Every software application uses stored data, whether it’s a simple list of user preferences or a complex database with a large number of tables and relationships. The importance of data modeling tasks within the software development life cycle is in direct proportion to the complexity of that stored data and its relevance to the application requirements.
In the case of an application that only stores a list of user preferences, database modeling tasks are minimal and can be handled by practically anyone. On the other hand, when an application uses a database with hundreds of tables, database modeling is a central and critical task. It will heavily influence whether that application meets its functional, performance, security, and other requirements.
Data Modeling as Part of the SDLC
At some point in the software development life cycle (SDLC), database modeling must take place. This task can begin and end within a specific segment of the project timeline, or it can span the entire duration of the SDLC. Either way, it should be aided by an automatic tool, such as the Vertabelo database modeler, to substantially shorten design and implementation times.
Depending on how the development team is assembled and which methodology is used, the time and the people involved in the creation of the data model may vary.
Development Team Roles
One of the key factors of a successful software project is that its roles and responsibilities are explicit and well-identified.
Not all software projects need the work team to be made up of the same roles. Long or complex projects commonly have greater granularity in the role breakdown, while short or simple projects can be delivered by a few individuals – or, in the simplest case, by two people: a sponsor and a programmer.
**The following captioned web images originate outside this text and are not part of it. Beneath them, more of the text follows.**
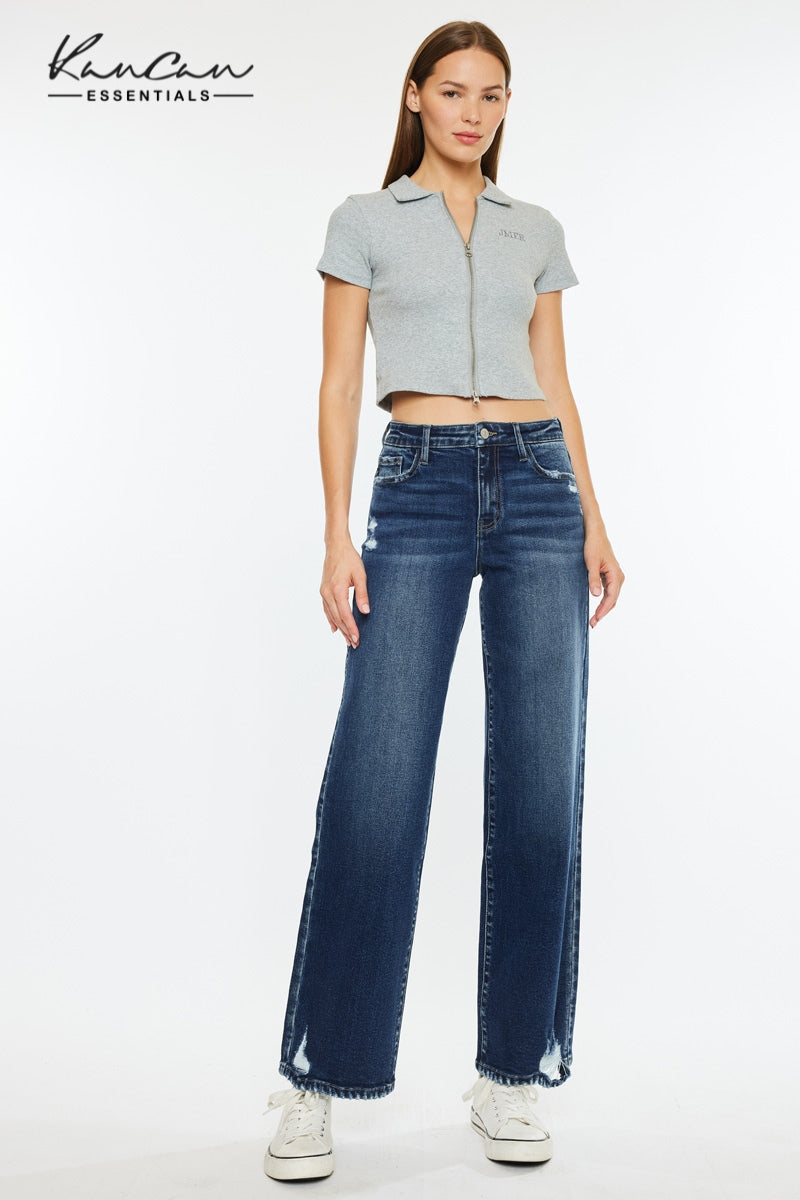 Dania Essentials High Rise Wide Leg Jeans - Official Kancan USA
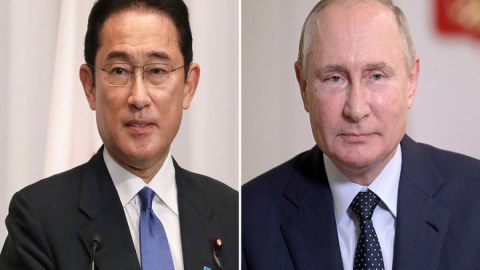 Yaponiya lideri Putinlə Ukraynanı müzakirə etdi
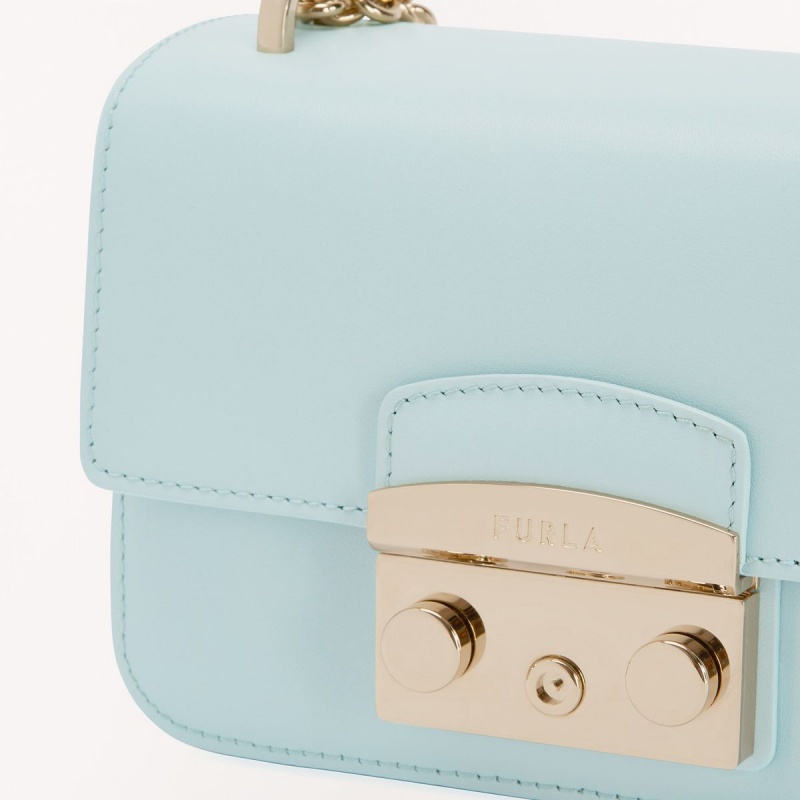 Furla METROPOLIS Crossbody Veske Dame Mint | 6239-CFMXA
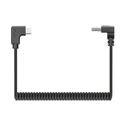 Καλώδιο USB Manhattan Spiralkabel USB-A to Type-C charging 1m Black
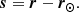 $$ \begin{aligned} \boldsymbol{s} = \boldsymbol{r}-\boldsymbol{r_\odot }. \end{aligned} $$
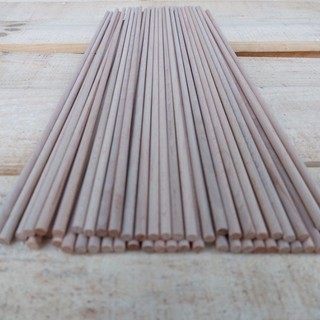 ( phi 6mm- Gỗ Mịn Đẹp) Thanh Gỗ Tròn Gỗ Dẻ Gai - gỗ Beech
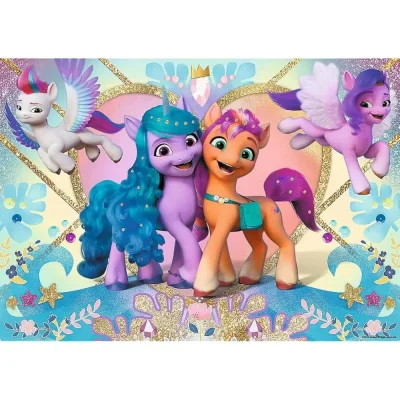 TREFL 100 Piece Glitter Piece Jigsaw Puzzle - Shiny Ponies, My Little Ponies / จิ๊กซอว์เด็ก 5 ปี+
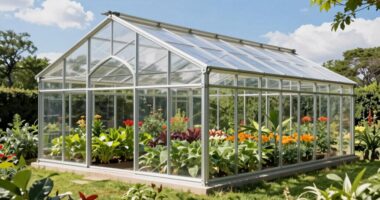 top reinforced polycarbonate greenhouses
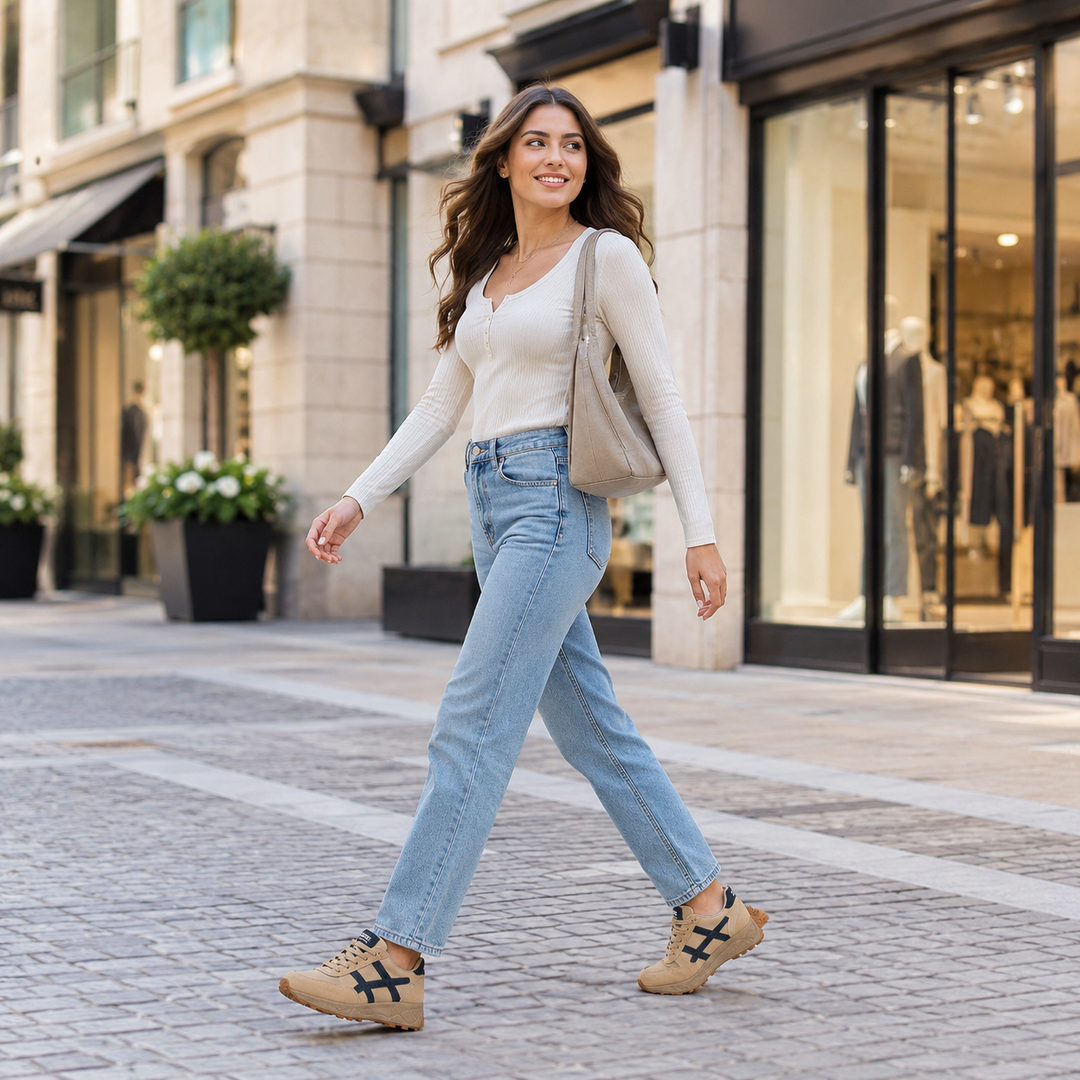 Solenne – Płaskie, Nieslizgające Sneakersy Chunky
SDLC Roles and Responsibilities
The roles listed below are often found in average-sized software projects.
A sponsor is a person (or a group of people) who provides the resources for the project and states the final objectives. Sponsors have a high-level vision and take high-level decisions. They monitor the project without getting into technical aspects. Except in particular cases, such as the development of data-centric applications in which the data model is itself a final deliverable, sponsors rarely intervene in decisions that affect the data model.
Domain Expert (DE)
Also called subject matter experts (SME), DEs are experts in the business areas on which the application will have an impact. DEs are usually the ones who provide the knowledge to write the requirements. In relation to the data model, they provide the inputs for the creation of the conceptual, logical, and physical data models.
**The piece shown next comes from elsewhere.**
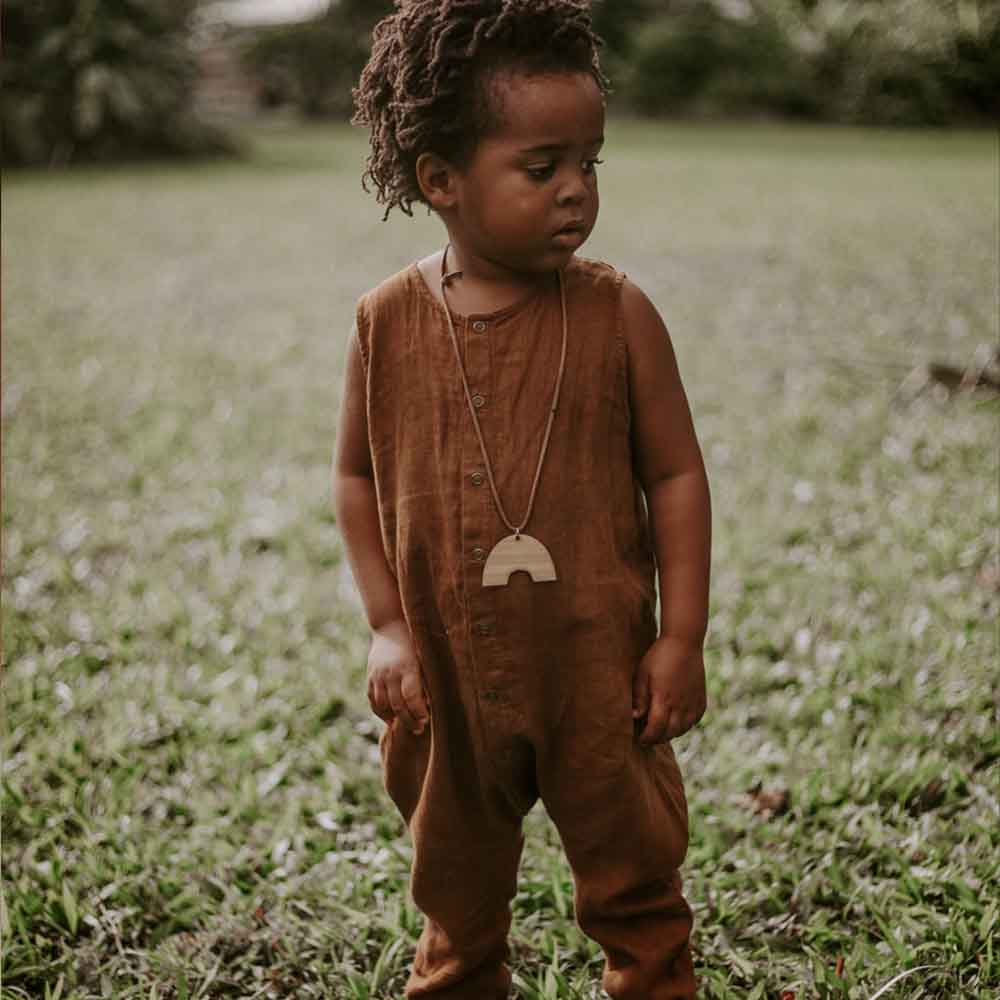 The Baby Forest Playsuit - Rust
For example, suppose you are developing an application that maintains a customer directory. The domain expert will know if one or several telephone numbers need to be registered for each client. That will determine if Telephone is an attribute of the Client entity or if Telephones will be a separate entity with a one-to-many relation with the Client entity.
Regarding the physical model, DEs can advise on things like the best data type for a given field. Continuing with the example of the customer directory, the DE would define the maximum number of digits/characters for a Telephone_Number field.
Product Owner (PO)
The PO acts as a proxy for the business and the end-users. They help define the set of requirements included in each release of the software product to maximize team performance and project ROI. The PO is the point of contact for several roles within the team, ensuring that the objectives and activities of all stakeholders are aligned.
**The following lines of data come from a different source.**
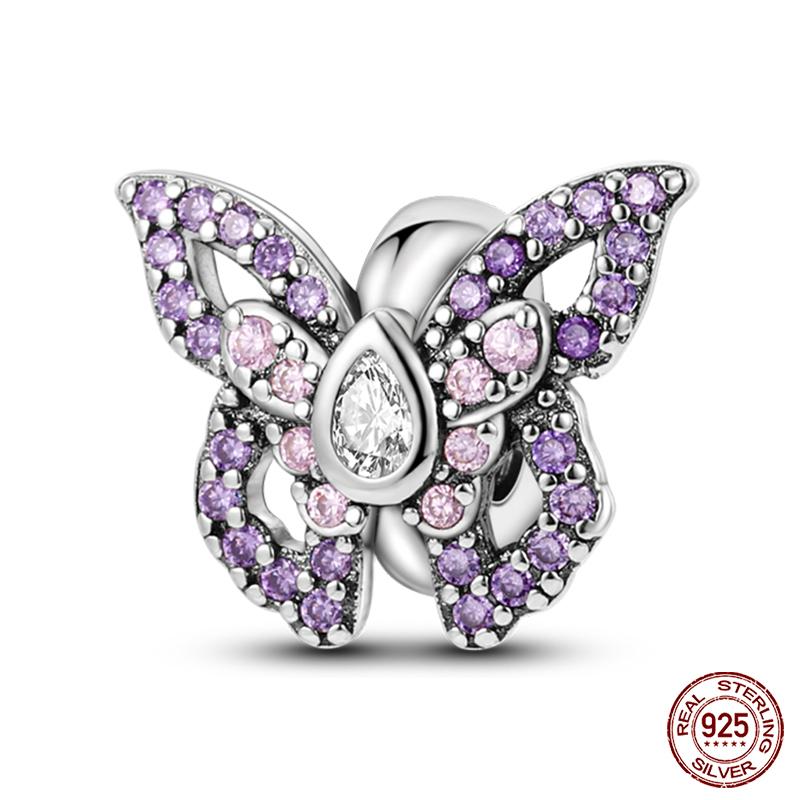 Copper Glowing Fireflies Bee Charms Beads Fit Original Bracelet For Women Fine Diy Travel Jewelry Making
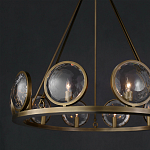 Люстра круглая с прозрачными рельефными плафонами Crystal Prism варинант исполнения - 4 | Loft Concept в Грозном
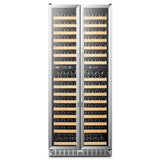 Lanbo Luxury 255 Bottles Dual Door Wine Cooler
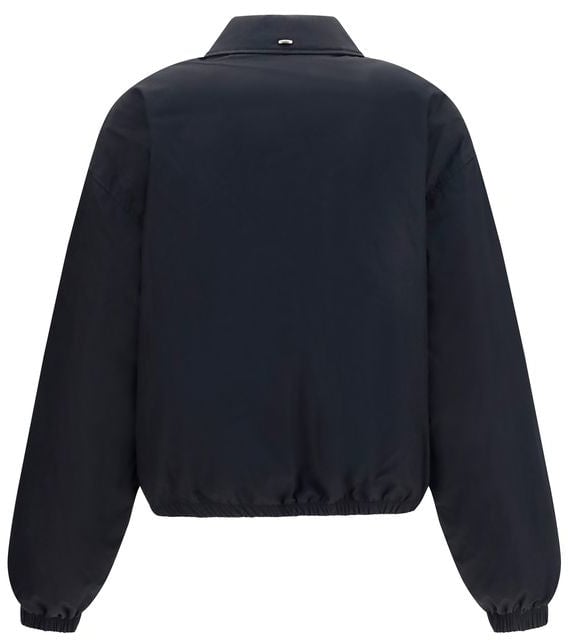 Our Legacy Black Cotton Full-Length Jacket Zwart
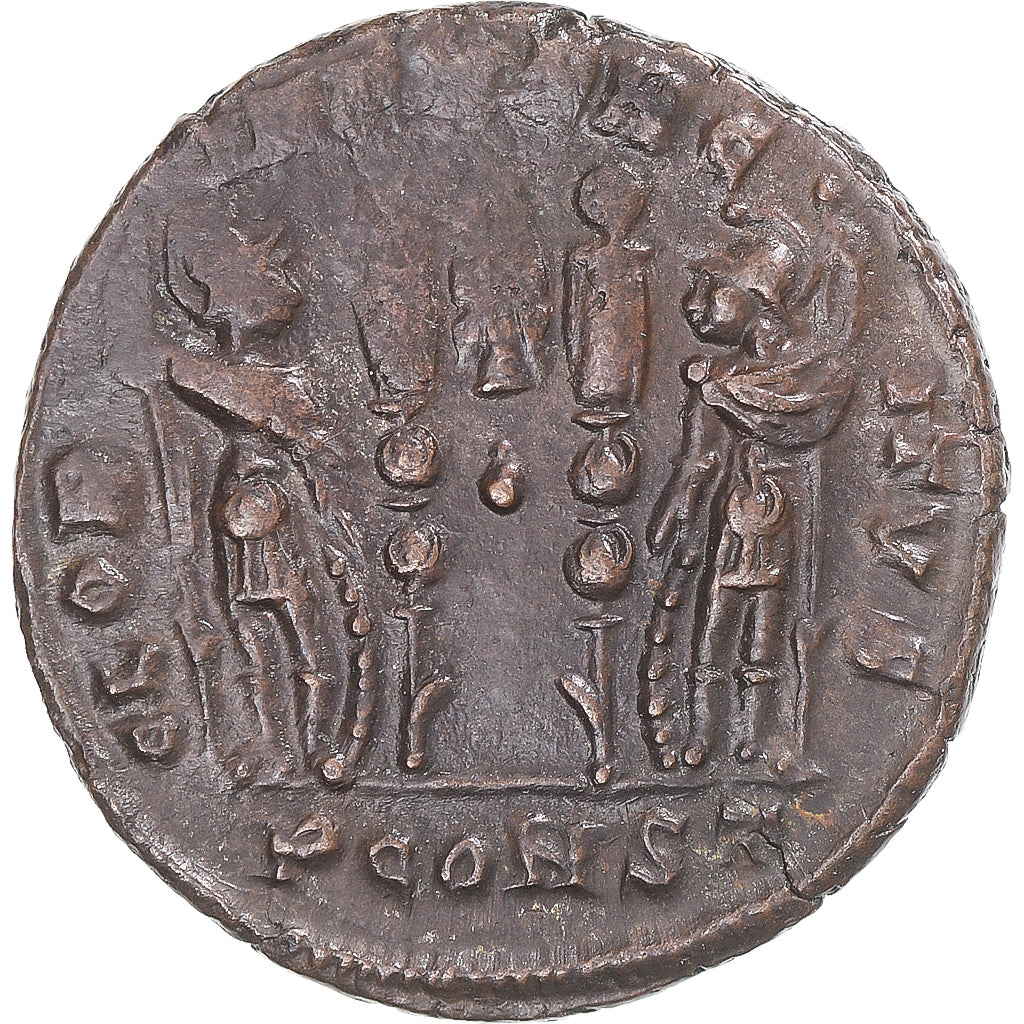 Coin, Constantine I, Follis, 335, Arles, AU(50-53), Bronze, RIC:387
The PO’s main tasks have to do with follow-up and communication. In relation to data modeling, POs must ensure that the requirements defined by the DEs reach the person in charge of the design in a timely manner. They also check that these requirements are correctly interpreted so that the data model complies with them.
Project Manager (PM)
The PM acts like the project’s orchestra conductor, setting deadlines and knowing precisely who does what and when at all times. It is also the PM's responsibility to detect delays and unforeseen events and suggest solutions (e.g. adding more people to a task) so that deadlines and budgets are not affected. If there is no alternative but to change the deadlines and budgets, the PM negotiates with the sponsors for more money, more time, or both.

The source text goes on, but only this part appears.